── SUPPLIED INFORMATION ──
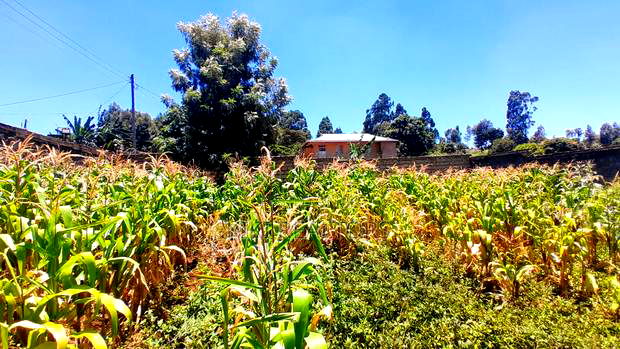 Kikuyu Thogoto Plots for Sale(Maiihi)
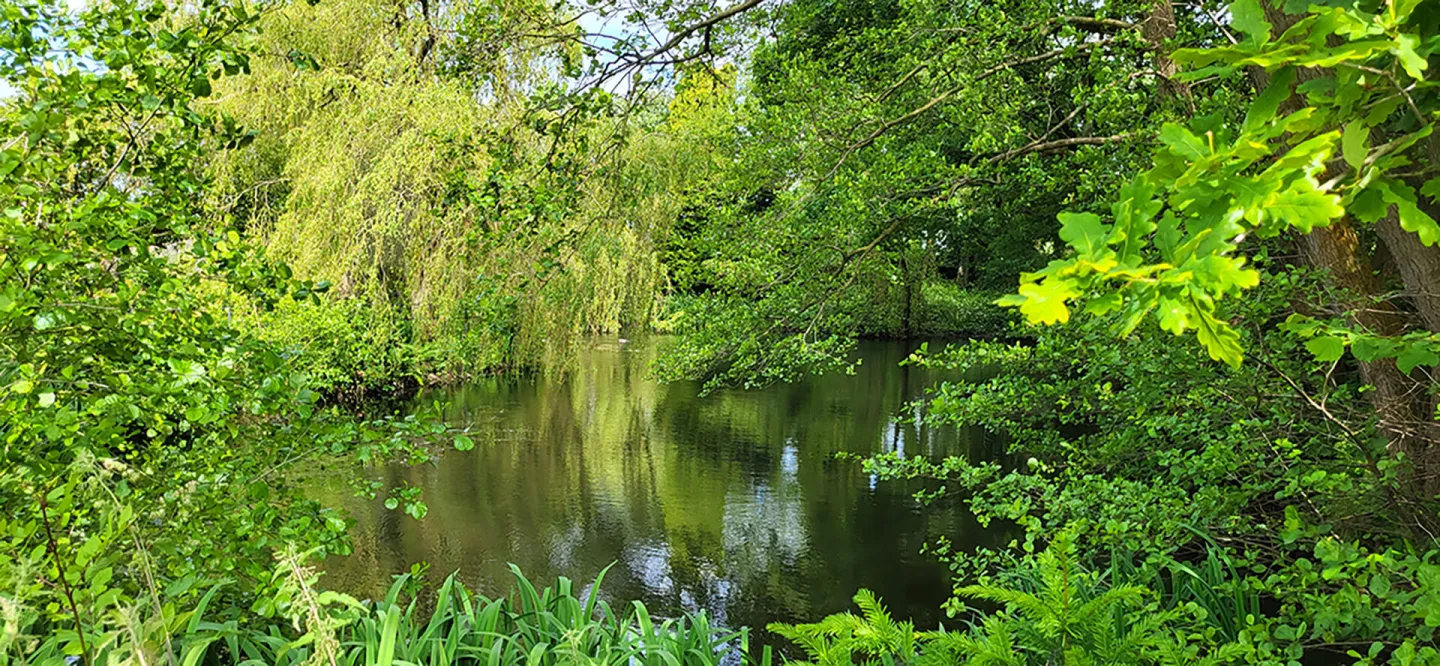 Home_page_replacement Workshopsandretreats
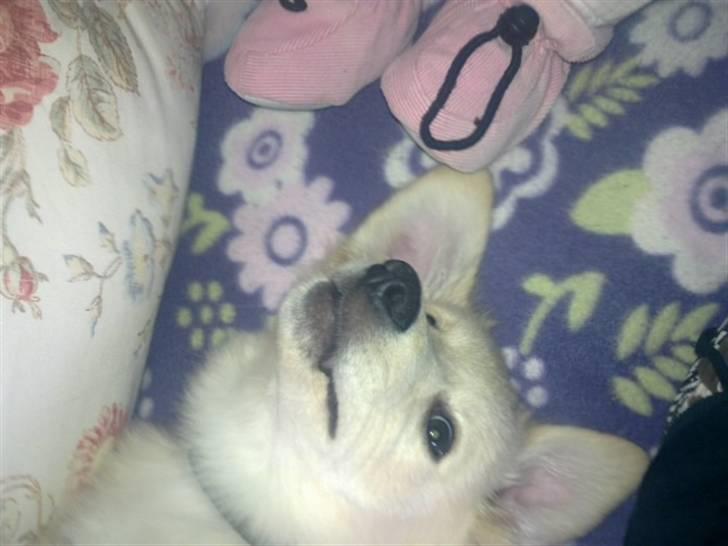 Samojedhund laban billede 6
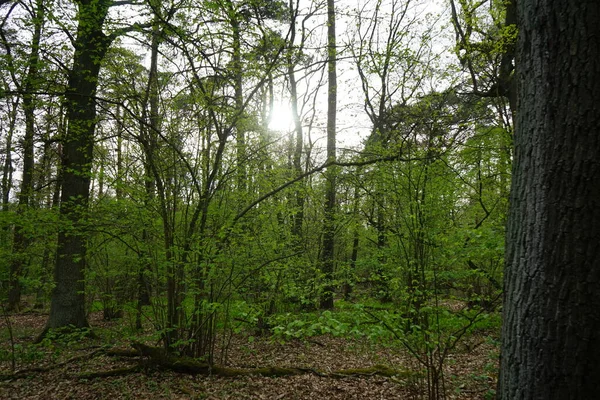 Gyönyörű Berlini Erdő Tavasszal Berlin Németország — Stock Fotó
───
── SUPPLIED INFORMATION ──
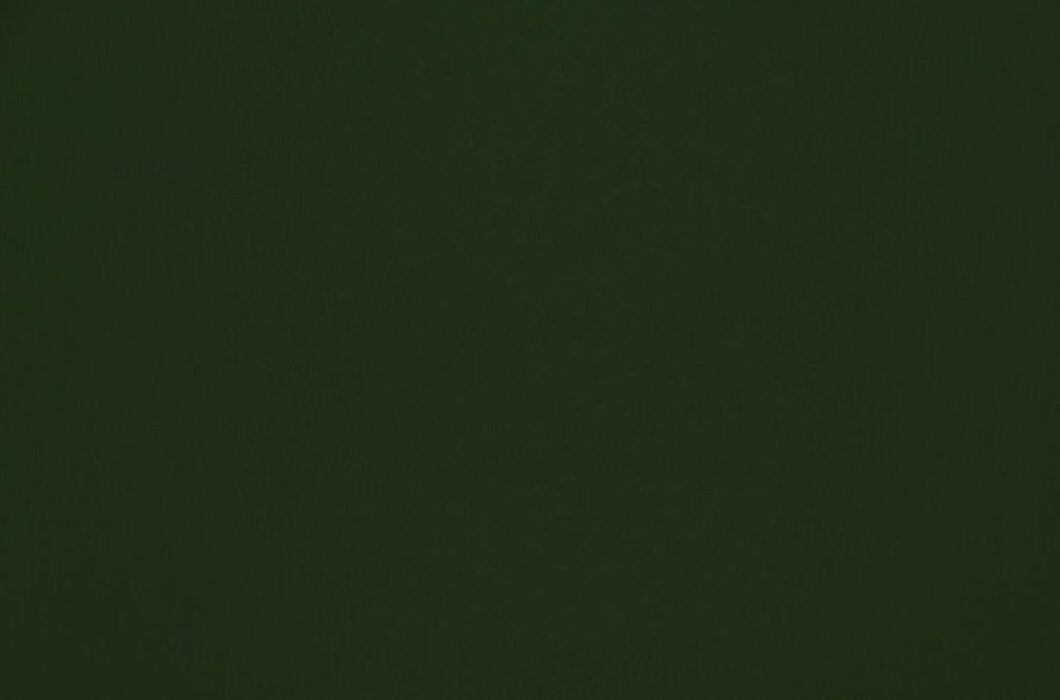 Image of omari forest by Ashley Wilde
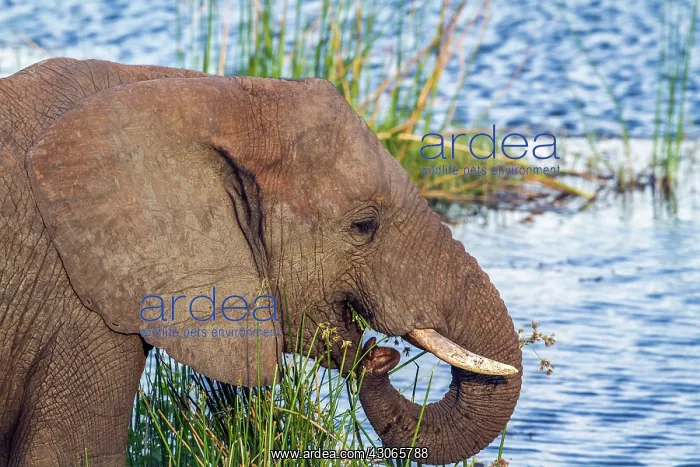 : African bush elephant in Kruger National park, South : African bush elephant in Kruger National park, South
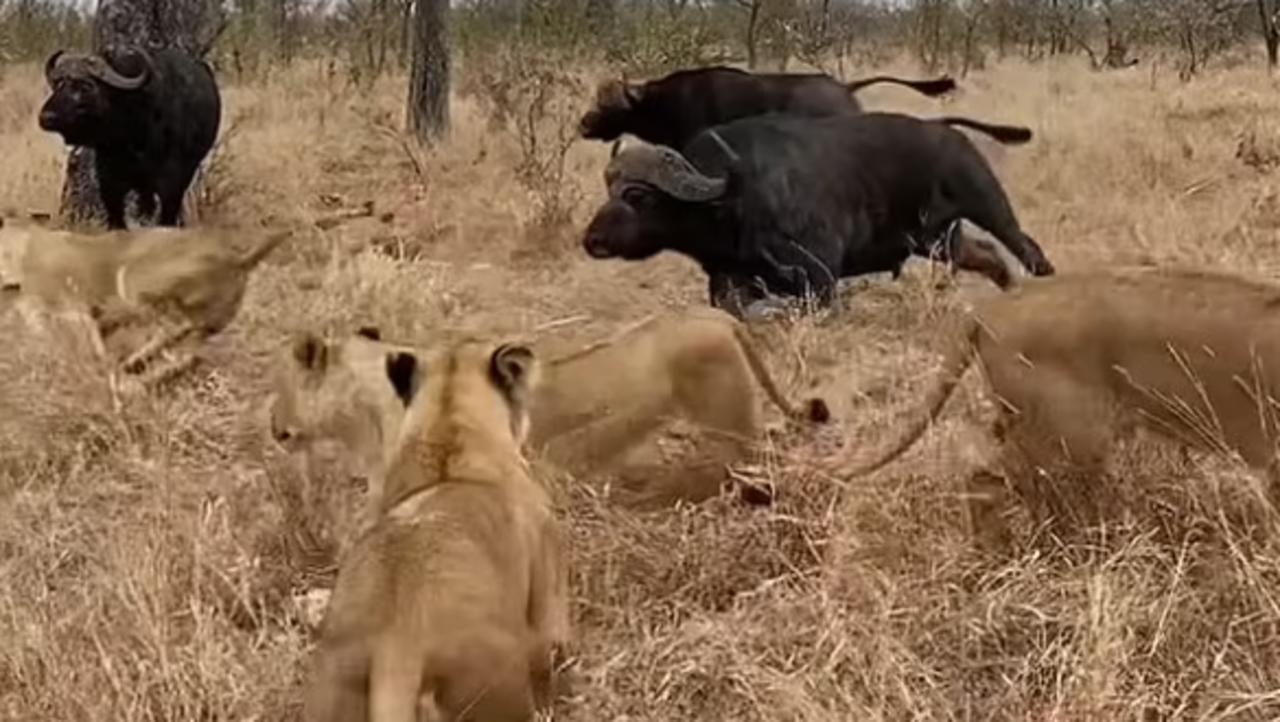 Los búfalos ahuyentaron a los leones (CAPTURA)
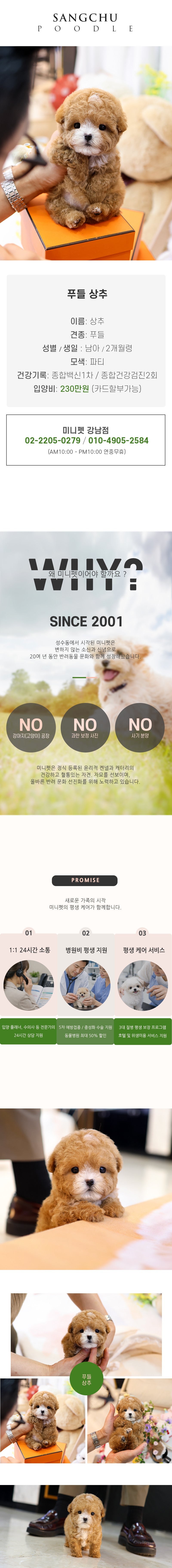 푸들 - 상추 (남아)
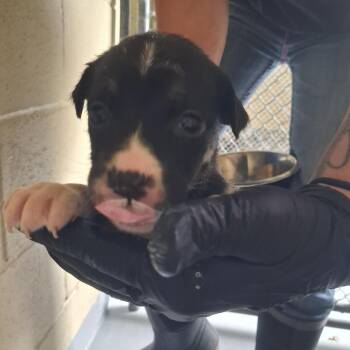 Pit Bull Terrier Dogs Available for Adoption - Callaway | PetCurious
───
── SUPPLIED INFORMATION ──
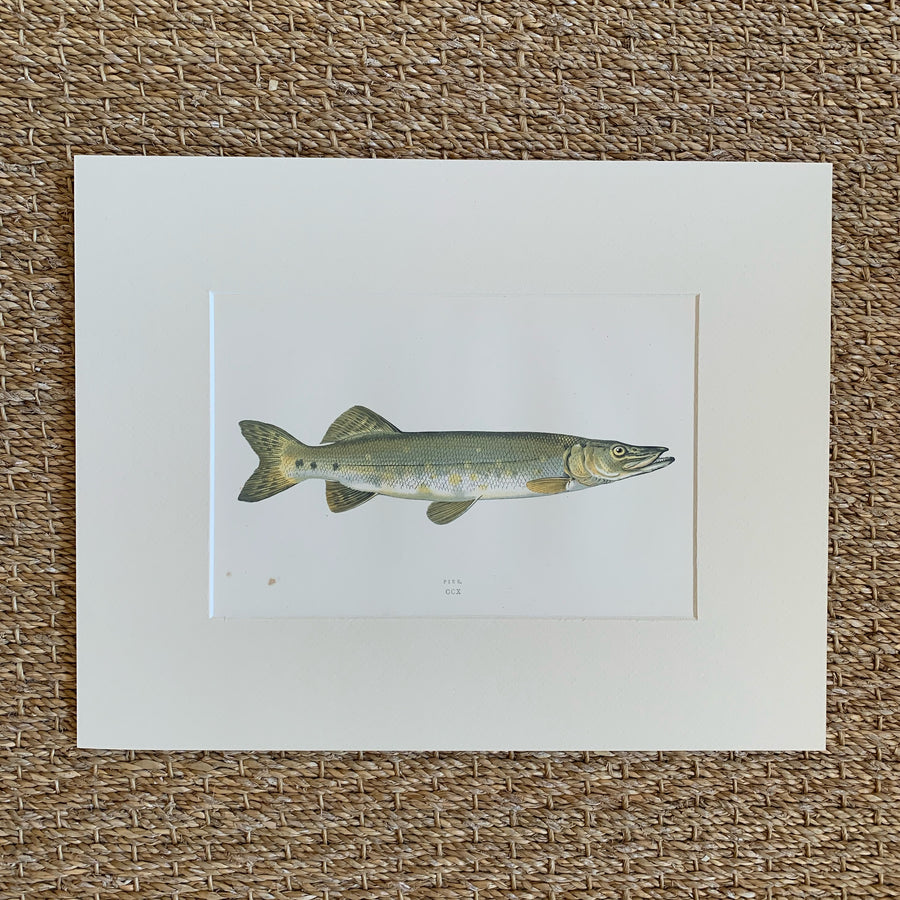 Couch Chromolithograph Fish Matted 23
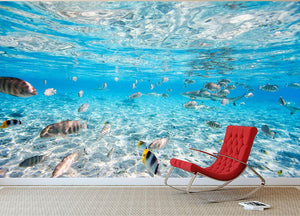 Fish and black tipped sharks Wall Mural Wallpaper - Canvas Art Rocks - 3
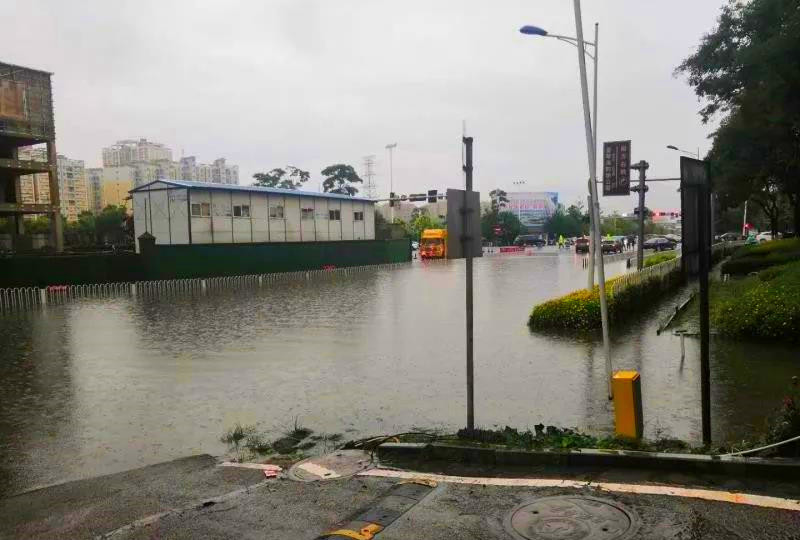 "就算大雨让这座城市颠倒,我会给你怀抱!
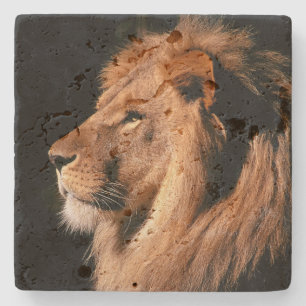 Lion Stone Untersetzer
───
* WHAT TO DO: In the listing above, find the line containing "Los búfalos ahuyentaron" and the line containing "Pit Bull Terrier", then return both of them and every line between, exactly, without pictures.

* ANSWER BOX:
 Los búfalos ahuyentaron a los leones (CAPTURA)
 푸들 - 상추 (남아)
 Pit Bull Terrier Dogs Available for Adoption - Callaway | PetCurious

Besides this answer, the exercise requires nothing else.